Skip to content

Architecture

worldbox-mcp is split across three address spaces that communicate through two well-defined boundaries.

┌─────────────┐  MCP        ┌──────────────────┐  HTTP loopback   ┌──────────────────────┐
│  AI client  ├────────────►│ worldbox-mcp     ├─────────────────►│ WorldBoxBridge       │
│   (any)     │  stdio/HTTP │ (Python, PyPI)   │  127.0.0.1:8723  │ BepInEx C# plugin    │
└─────────────┘             └──────────────────┘                  │ inside worldbox.exe  │
                                                                  │                      │
                                                                  │  ┌────────────────┐  │
                                                                  │  │ TCP listener   │  │
                                                                  │  │ + hand-rolled  │  │
                                                                  │  │ HTTP/1.1       │  │
                                                                  │  │ Auth + routing │  │
                                                                  │  └────────┬───────┘  │
                                                                  │           │          │
                                                                  │     Session layer    │
                                                                  │  (agents, perms,     │
                                                                  │   message bus,       │
                                                                  │   turn order)        │
                                                                  │           │          │
                                                                  │  ┌────────▼───────┐  │
                                                                  │  │ Main thread    │  │
                                                                  │  │ dispatcher     │  │
                                                                  │  │ (PlayerLoop)   │  │
                                                                  │  └────────┬───────┘  │
                                                                  │           │          │
                                                                  │  ┌────────▼───────┐  │
                                                                  │  │ Command via    │  │
                                                                  │  │ reflection on  │  │
                                                                  │  │ Assembly-CSharp│  │
                                                                  │  └────────────────┘  │
                                                                  └──────────────────────┘

Why this layout

Boundary Why a separate process
AI client ↔ MCP server The MCP spec dictates this; lets any client reuse the same server.
MCP server ↔ Mod The mod must live inside worldbox.exe to access game internals. The MCP server stays a normal Python process — easy to ship via PyPI, runs on any OS, no Unity baggage.
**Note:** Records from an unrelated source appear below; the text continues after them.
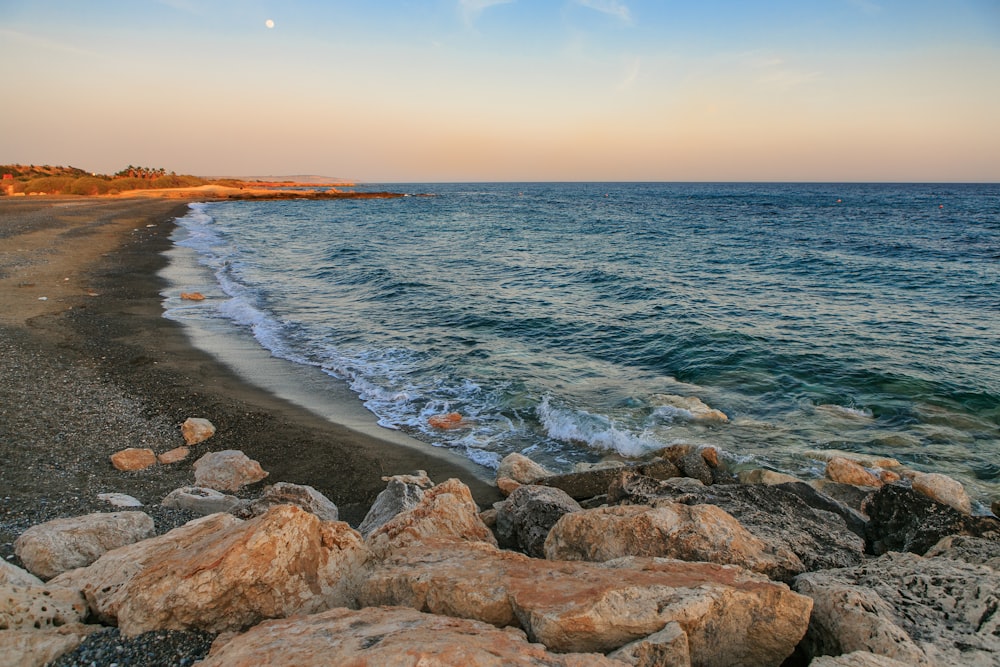 rocce in spiaggia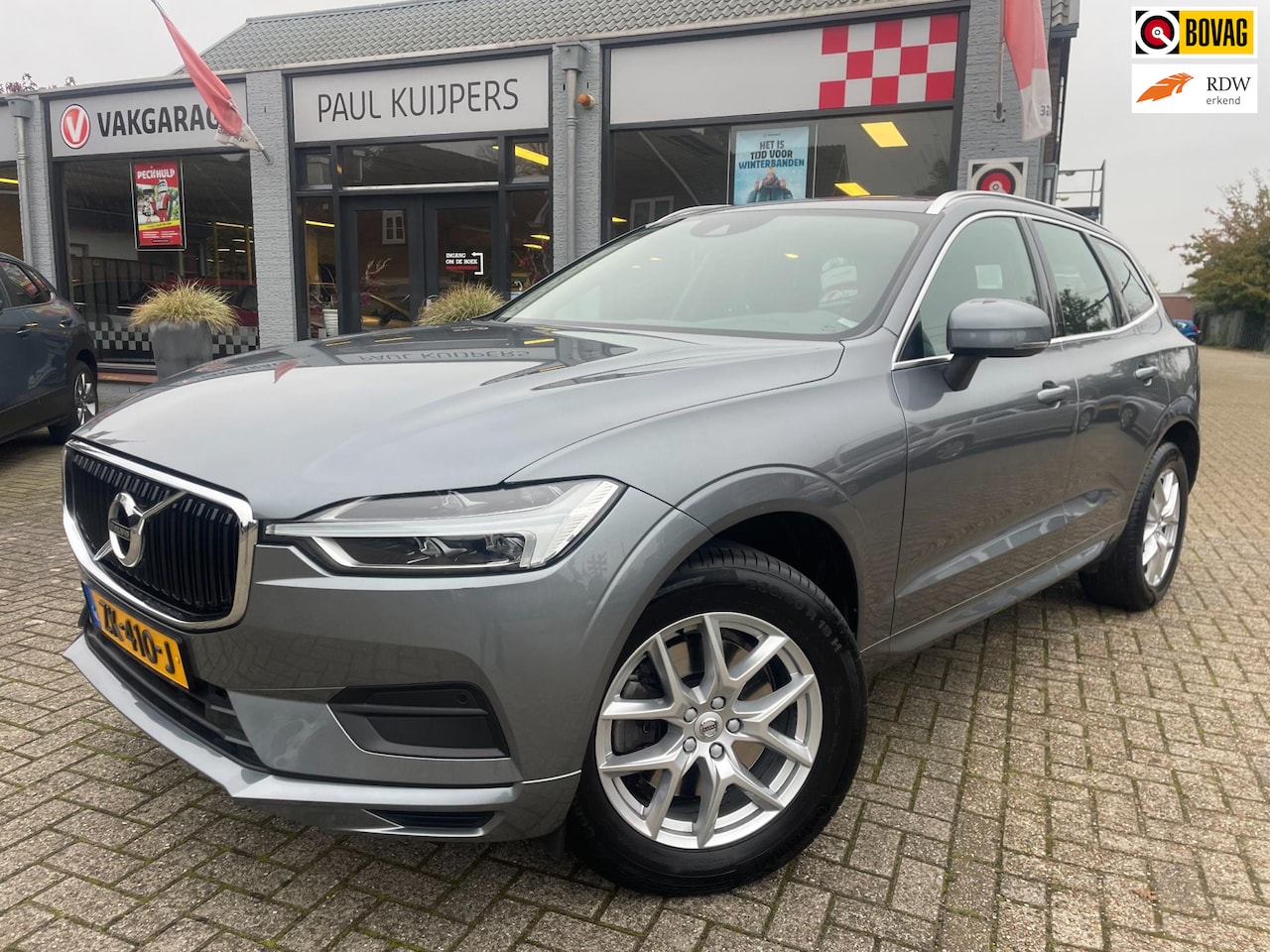 Volvo XC60 - 2.0 T4 Momentum AUTOMAAT *dealeronderhouden + leder + camera + btw verrekenbaar** - AutoWereld.nl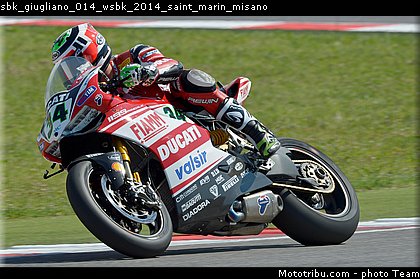 sbk_giugliano_014_wsbk_2014_saint_marin_misano.jpg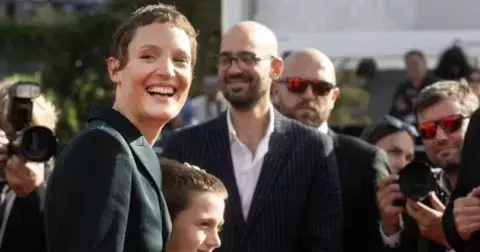 KVIFF 2025: Vicky Krieps okouzlila diváky ve filmu o odvaze být matkou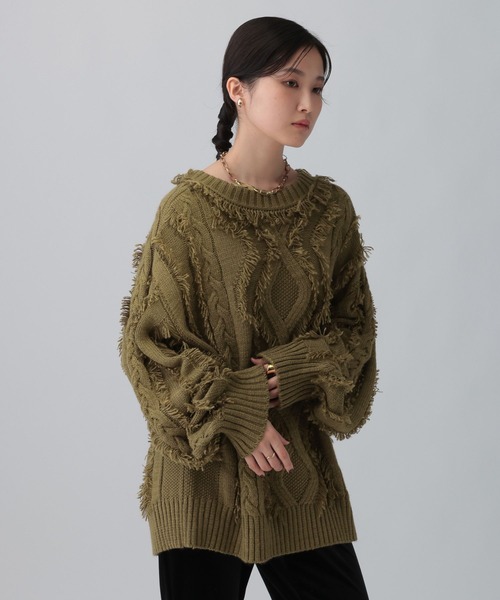 LEPSIM(レプシィム)の「5ゲージケーブルフリンジプルオーバー 595641(ニット/セーター・レディース・ブラック/カーキ/オフホワイト・FREE)」の18枚目の写真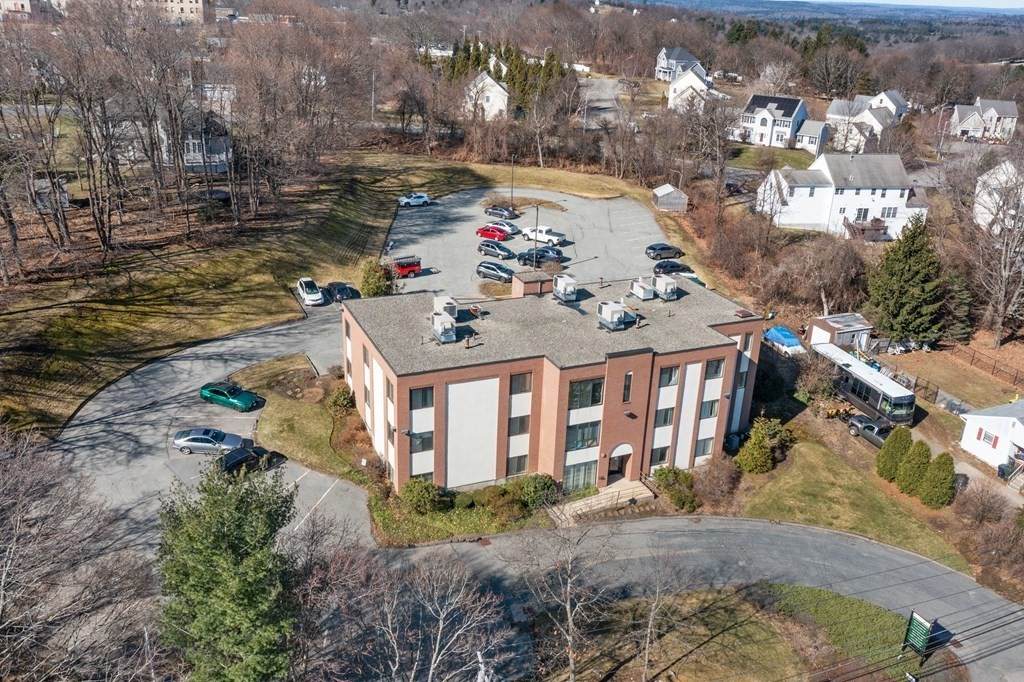 320 Bolton - Photo 1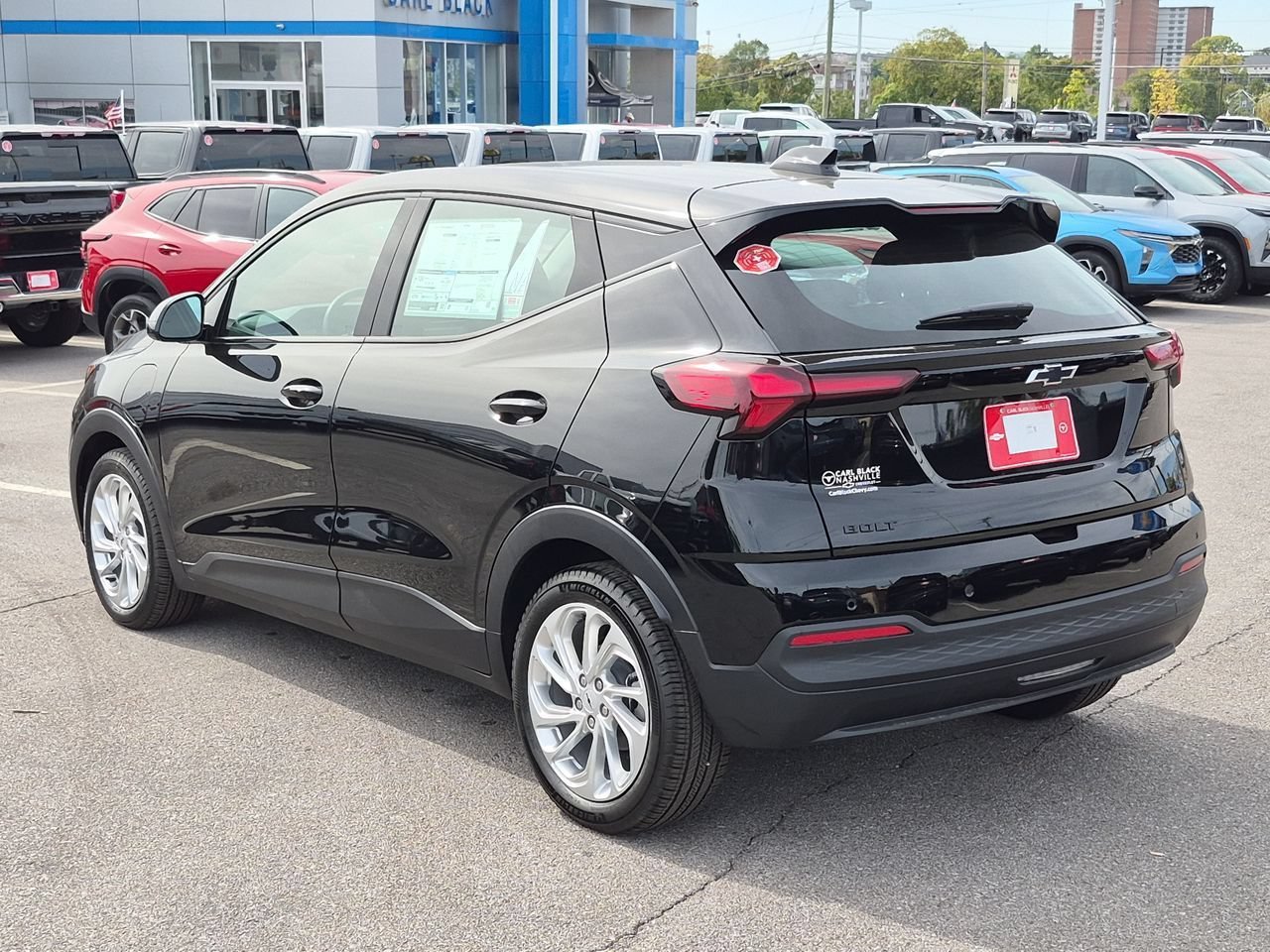 2027 Chevrolet Bolt LT - Photo 6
Component responsibilities

worldbox-mcp (Python server)

  • Speaks the MCP wire protocol (stdio + Streamable HTTP).
  • Exposes a curated tool surface to AI clients (see command-reference.md).
  • Owns the contract: input validation via Pydantic, error mapping, retries on transient HTTP failures.
  • Auto-discovers the mod's auth token by reading <worldbox>/BepInEx/config/WorldBoxBridge.cfg.
  • Does not know anything about WorldBox internals. It is a thin, typed façade over the HTTP bridge.

WorldBoxBridge (BepInEx C# plugin)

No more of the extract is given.